I’m over-simplfying a little, but most of the time this is usually the idea that comes up when consequences come up.

I’d like the “there is no free will” crowd to show the necessary link between belief in free will and supporting capital punishment.

If that is too extreme, then I’d like the “there is no free will” crowd to show the necessary link between belief in free will and treating people unjustly, after objectively defining what it means to treat people unjustly.

My take is that if there is free will, then people can be taught to behave differently in the future when a similar situation comes up that would have led them in the past to make a “wrong” decision. The consequence of determinism is that, if it were true, then it would be impossible to even think about doing things differenlty.

For example: Human evolution eventually resulted in some kind of animal that had a very sophisticated understanding of its environment. But just prior to the emergence of that version of humans, there was a prior version that did not have such a sophisticated understanding and was just as subject to its environment as every other kind of animal on the planet. Somewhere in our evolutionary history we made the switch from “flight or fight” to “anticipate the moves of the enemy and take precautions” including the precaution of anihilating the enemy. No other animal exhibits this behavior. Not a one. No other animal is known to enter an area and hunt down its competitors until every single one is eliminated.

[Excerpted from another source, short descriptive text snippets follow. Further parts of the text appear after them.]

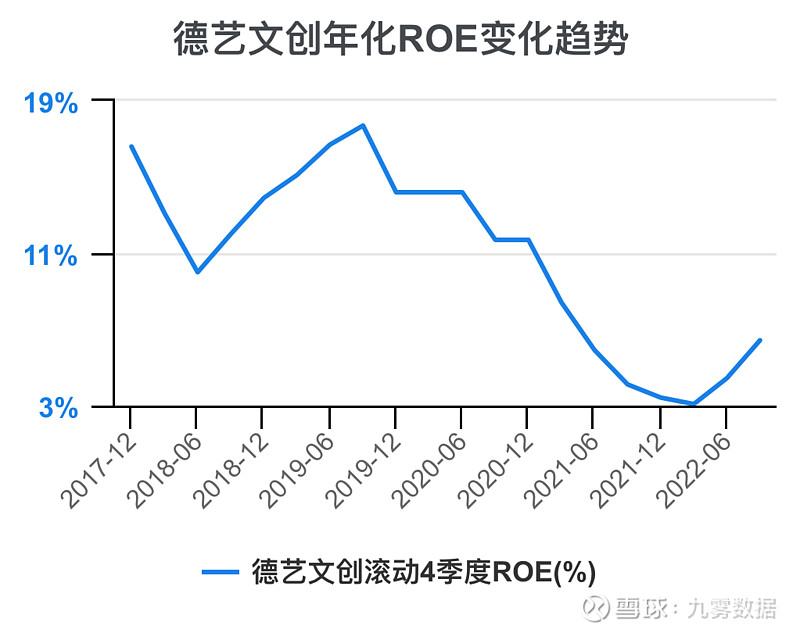德艺文创获得实用新型专利授权：“一种方便调节宠物碗高度的托架”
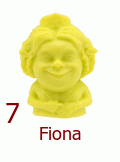 7. Fiona 7. Fiona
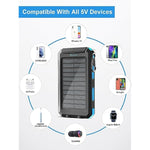 Solar Charger,38800Mah Solar Power Bank, Waterproof External Backup Battery Power Pack With Usb C Input/Output/Led Flashlights Compatible With Iphone, Samsung, Ipad, Suitable For Outdoor, Camping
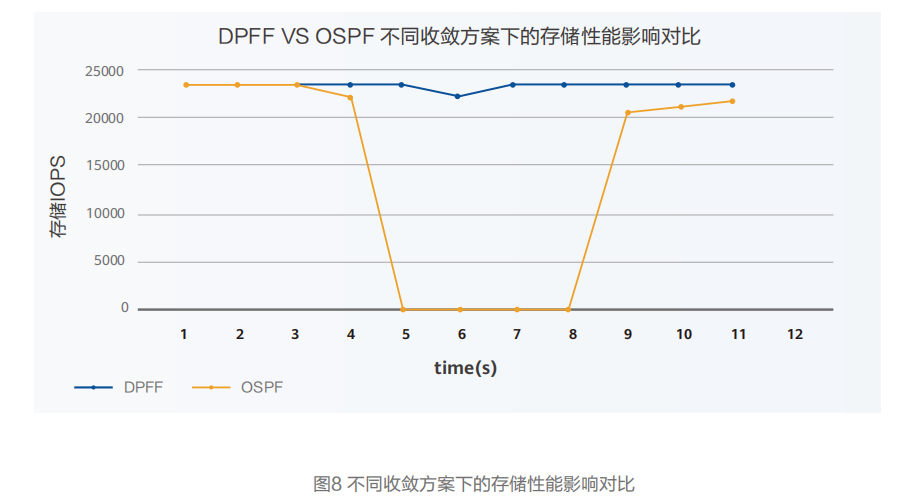 777788888新澳门开奖,可靠解答解释定义_AR版48.461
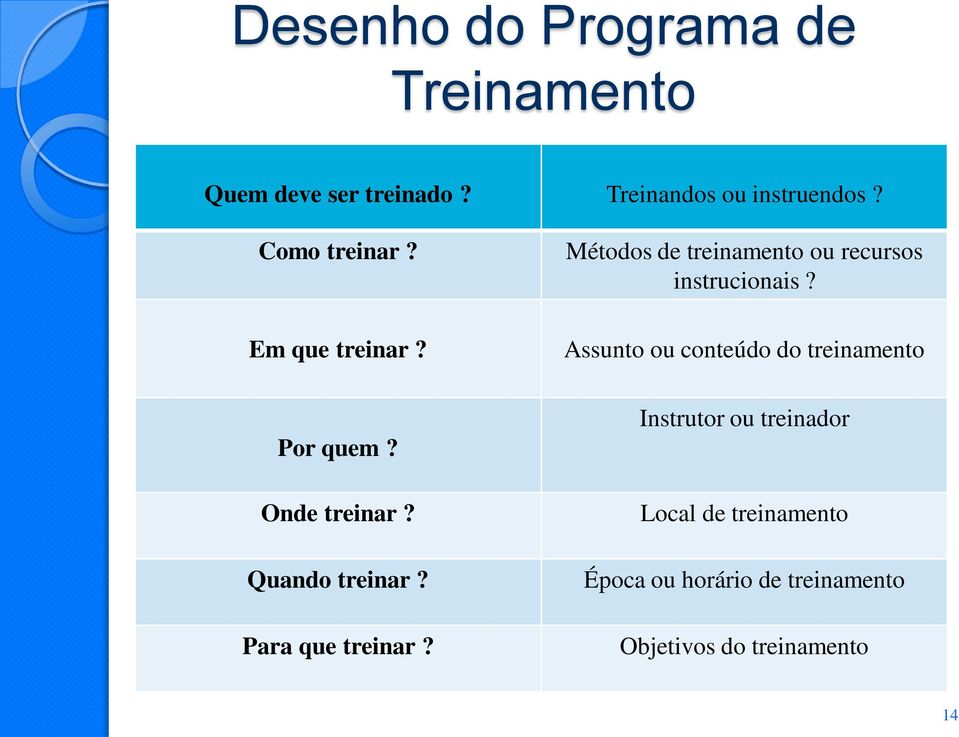 Assunto ou conteúdo do treinamento Por quem? Onde treinar? Quando treinar?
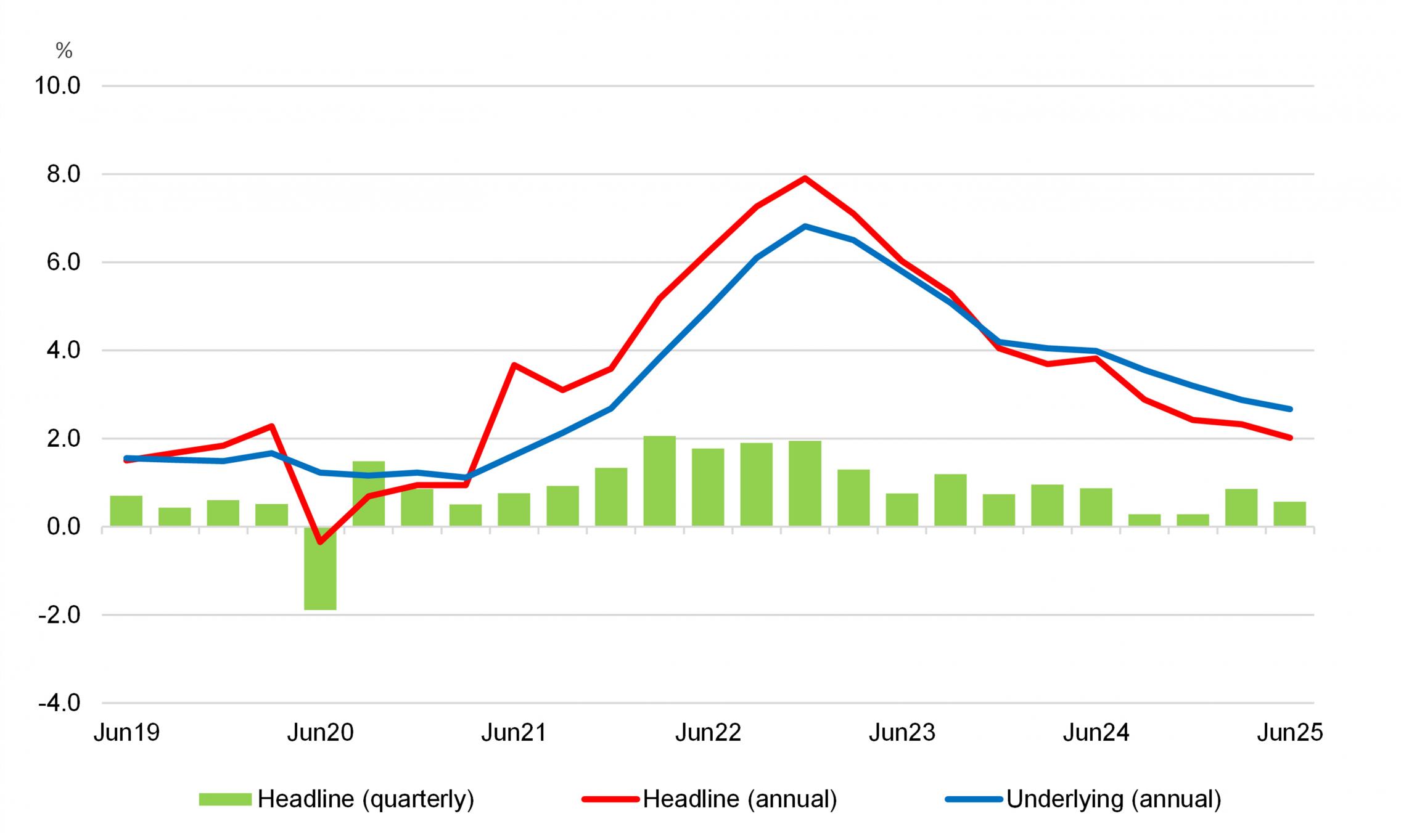 Annual and quarterly CPI inflation rates, Australia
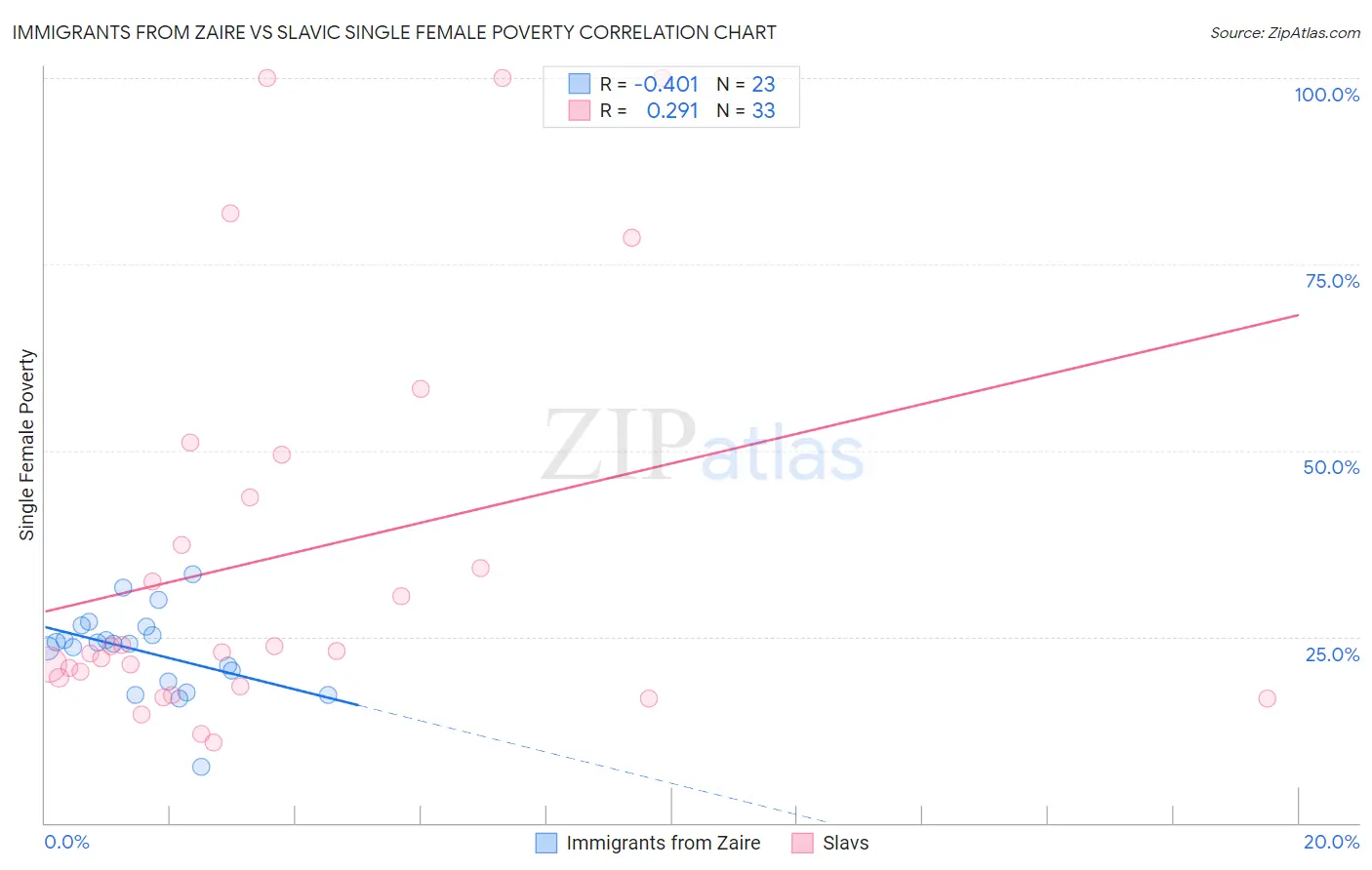 Immigrants from Zaire vs Slavic Single Female Poverty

Since no other animal does this, it is a unique adaptation that humans have developed - from what?

There are lots of other behaviors that humans exhibit that are completely unique in the history of life on the planet. For the determinist, because there is nothing now that didn’t evolve from something that was then, it would therefore be impossible for a person to change his behavior in the future. So if determinism is true, then no one who believes in capital punishment could ever be convinced to believe otherwise.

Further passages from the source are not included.